Humber’s commemoration of the Montreal Massacre
By Lucy Sky
Saturday marks the Day of Remembrance and Action on Violence Against Women and the 25th anniversary of the Montreal Massacre.
Humber College held its commemoration of the massacre on Dec. 4 in the main concourse. Lone gunman Marc Lépine killed 14 women and wounded 10 other, all students at the École Polytechnique, before he turned his legally purchased weapon on himself.
Humber’s Business School Placement Advisor Sanjukta Das said as a part of the Humber diversity committee she feels that there’s a deep need for events like this. “Especially in collaboration with HSF, because we’re directly touching base with students, who are a very integral part of the coming generation,” she said.
The turnout of students was small, but Das said “there were a lot of students hanging around and listening, though they were not actively seen over here, because there is this barrier in the mind that ‘if I am there, I’m part of this.’” She added that although the students’ presence may not have been what it could’ve been, she’s just glad the message is out.
Sylvia Maracle, executive director for the Ontario Federation of Indigenous Friendship Centres, was invited to speak at the event and she echoed Das. “You can be small and mighty and really committed and go out and create social change, or you can have a large mass who are apathetic, bored and here because they have to be.
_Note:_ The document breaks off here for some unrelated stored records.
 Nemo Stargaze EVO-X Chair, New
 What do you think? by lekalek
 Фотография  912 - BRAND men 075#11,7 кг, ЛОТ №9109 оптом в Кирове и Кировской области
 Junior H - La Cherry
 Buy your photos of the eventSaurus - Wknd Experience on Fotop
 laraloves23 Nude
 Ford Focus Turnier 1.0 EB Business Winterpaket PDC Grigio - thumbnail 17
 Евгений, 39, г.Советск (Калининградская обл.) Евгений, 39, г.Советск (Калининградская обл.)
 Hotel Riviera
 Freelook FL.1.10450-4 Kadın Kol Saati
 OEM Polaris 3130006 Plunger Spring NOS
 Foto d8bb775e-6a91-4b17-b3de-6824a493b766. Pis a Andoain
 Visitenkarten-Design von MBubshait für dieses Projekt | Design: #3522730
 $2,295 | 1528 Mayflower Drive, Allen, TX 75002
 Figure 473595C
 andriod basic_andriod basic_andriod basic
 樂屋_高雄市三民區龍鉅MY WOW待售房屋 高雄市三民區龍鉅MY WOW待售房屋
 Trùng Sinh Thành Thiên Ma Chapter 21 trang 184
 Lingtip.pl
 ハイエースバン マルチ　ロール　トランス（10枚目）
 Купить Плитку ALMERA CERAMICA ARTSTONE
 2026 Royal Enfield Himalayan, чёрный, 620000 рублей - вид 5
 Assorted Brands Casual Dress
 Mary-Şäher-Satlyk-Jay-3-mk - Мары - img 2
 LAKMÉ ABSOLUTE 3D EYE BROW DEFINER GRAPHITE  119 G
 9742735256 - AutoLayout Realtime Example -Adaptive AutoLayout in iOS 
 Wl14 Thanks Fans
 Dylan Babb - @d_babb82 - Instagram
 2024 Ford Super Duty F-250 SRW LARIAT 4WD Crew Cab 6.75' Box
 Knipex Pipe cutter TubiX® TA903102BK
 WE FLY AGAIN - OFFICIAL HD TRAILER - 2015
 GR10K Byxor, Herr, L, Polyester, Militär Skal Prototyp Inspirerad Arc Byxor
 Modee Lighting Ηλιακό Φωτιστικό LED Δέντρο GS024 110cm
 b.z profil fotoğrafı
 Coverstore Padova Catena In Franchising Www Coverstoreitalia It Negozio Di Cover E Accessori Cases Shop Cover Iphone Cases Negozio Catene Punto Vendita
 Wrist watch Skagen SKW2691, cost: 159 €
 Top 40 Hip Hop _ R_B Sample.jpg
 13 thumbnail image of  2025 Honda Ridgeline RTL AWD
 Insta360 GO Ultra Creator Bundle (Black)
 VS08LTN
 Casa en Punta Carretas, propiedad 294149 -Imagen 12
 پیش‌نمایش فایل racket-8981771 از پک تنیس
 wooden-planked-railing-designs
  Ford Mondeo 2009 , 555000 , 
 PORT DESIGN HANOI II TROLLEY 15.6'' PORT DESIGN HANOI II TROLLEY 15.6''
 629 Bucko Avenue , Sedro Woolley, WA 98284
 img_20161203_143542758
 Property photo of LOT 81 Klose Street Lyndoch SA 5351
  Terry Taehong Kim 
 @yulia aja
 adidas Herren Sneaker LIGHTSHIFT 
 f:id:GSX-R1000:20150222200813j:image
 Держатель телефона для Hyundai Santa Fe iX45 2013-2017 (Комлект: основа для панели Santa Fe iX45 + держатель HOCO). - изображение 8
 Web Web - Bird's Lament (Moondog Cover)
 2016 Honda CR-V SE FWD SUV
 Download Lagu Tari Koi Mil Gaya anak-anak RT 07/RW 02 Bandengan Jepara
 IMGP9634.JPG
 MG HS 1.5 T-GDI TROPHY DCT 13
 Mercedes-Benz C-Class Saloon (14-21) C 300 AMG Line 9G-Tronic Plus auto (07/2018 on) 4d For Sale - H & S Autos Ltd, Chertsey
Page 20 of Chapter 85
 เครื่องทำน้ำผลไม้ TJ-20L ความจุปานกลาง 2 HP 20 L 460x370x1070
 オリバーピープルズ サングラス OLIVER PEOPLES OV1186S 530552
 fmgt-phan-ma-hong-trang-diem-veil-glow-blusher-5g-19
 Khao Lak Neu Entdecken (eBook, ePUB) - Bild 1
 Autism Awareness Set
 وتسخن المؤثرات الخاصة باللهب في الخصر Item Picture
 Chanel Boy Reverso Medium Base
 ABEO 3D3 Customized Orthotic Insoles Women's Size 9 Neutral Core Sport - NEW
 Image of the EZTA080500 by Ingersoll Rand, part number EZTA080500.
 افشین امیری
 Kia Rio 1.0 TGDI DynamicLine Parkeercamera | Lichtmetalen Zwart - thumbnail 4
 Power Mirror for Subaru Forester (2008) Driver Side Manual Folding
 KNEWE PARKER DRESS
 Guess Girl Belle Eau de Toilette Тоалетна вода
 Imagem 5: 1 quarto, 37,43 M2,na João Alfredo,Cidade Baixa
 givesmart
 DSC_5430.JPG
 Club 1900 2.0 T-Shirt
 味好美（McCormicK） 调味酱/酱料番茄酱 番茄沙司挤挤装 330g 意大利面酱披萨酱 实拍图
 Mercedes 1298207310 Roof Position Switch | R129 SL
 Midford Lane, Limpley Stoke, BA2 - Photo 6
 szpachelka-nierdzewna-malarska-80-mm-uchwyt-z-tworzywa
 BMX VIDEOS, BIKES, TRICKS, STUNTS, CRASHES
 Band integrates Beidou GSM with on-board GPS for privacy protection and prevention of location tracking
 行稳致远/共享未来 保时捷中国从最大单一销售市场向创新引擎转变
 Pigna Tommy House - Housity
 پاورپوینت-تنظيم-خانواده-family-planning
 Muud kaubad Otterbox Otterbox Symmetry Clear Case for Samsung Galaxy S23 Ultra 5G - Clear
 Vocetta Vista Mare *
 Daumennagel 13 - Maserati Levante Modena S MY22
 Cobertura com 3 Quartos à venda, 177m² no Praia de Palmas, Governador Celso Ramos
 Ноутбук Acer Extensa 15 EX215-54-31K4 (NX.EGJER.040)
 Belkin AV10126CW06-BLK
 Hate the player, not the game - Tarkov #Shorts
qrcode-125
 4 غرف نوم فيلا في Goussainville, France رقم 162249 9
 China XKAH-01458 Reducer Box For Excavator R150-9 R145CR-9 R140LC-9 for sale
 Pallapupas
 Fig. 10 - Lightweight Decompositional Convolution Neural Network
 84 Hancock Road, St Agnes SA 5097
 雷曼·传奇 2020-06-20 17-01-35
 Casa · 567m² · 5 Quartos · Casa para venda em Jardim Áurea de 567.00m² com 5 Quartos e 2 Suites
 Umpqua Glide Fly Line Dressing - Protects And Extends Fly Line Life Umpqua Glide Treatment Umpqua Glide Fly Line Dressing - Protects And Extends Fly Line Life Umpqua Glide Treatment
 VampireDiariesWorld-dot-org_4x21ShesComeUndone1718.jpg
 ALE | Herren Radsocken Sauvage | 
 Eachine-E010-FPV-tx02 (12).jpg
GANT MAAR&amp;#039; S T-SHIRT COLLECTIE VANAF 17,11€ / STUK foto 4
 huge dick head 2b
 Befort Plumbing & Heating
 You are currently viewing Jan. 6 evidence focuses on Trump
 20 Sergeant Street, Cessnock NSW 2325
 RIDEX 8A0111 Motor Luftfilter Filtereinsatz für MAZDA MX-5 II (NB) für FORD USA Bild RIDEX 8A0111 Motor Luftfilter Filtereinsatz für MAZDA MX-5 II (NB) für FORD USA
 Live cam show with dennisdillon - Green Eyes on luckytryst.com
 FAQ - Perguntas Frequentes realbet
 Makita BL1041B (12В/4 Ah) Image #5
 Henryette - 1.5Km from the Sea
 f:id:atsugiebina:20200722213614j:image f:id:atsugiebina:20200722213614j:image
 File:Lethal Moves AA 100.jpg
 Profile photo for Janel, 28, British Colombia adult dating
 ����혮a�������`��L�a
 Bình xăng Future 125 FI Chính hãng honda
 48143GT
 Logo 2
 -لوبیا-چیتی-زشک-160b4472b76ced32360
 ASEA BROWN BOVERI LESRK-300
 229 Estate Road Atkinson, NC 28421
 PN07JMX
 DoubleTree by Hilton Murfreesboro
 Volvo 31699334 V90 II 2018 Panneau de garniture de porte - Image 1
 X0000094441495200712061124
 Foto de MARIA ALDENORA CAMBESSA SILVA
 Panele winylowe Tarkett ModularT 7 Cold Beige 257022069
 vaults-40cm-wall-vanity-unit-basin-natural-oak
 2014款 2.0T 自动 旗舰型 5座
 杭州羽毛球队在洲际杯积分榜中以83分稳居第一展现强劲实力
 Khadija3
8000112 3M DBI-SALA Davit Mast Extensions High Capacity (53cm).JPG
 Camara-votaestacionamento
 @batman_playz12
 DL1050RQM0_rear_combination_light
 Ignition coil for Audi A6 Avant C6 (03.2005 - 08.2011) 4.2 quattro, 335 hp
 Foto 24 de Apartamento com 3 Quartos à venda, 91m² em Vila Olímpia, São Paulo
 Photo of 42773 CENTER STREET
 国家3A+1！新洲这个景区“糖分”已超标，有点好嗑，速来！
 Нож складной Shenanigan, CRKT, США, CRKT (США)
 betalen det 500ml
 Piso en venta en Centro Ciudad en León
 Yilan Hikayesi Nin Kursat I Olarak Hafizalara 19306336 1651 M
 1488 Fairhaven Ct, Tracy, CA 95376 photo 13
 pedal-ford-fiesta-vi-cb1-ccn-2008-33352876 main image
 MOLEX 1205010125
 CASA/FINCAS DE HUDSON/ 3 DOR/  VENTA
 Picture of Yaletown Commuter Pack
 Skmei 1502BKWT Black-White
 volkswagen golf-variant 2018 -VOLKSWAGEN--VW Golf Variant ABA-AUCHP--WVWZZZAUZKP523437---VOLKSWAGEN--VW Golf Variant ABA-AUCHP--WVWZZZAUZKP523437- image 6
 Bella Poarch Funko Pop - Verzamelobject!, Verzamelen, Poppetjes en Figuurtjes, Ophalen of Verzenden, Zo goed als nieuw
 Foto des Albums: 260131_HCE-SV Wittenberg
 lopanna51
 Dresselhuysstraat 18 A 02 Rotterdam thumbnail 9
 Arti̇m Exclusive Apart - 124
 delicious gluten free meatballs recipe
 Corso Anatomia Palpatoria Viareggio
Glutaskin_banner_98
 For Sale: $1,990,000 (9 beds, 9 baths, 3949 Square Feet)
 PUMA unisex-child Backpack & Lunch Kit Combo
So I’m always grateful for whoever comes out and just hope that somebody got something out of it,” she said.
Her speech consisted of a lot about the numbers of missing indigenous women. Maracle said 1,181 files were reviewed by the RCMP and out of those, 1,017 of the women had been murdered and 164 would be listed as missing. She said it’s all well and good that they looked into it, but she thinks the proof is really in if they make changes with respect to policing by the RCMP.
She also shared her views on how to better deal with the cases of abused women.
Maracle said she wants to do something about finding out why this violence happens, because putting the men in correctional facilities doesn’t stop it. “I think we should give her support and services but she should be able to stay in the home and care for her children and not displace everybody… why doesn’t he have to report every day and have counseling sessions and men’s circles and healing circles so he stops the violence?”
“It’s important for students to be aware of these issues because at the end of the day they could be impacted by it and knowing the resources available to them is important,” said HSF Services Director Sien Moi Ly. She also said she found inspiring the “solidarity in a sense and there’s raising awareness about the issue. In a public space like this, that can be very challenging, but having an open dialogue about it is important.”
Attendees were provided with roses and ribbons to show their support and a poster was put on a wall for people to sign.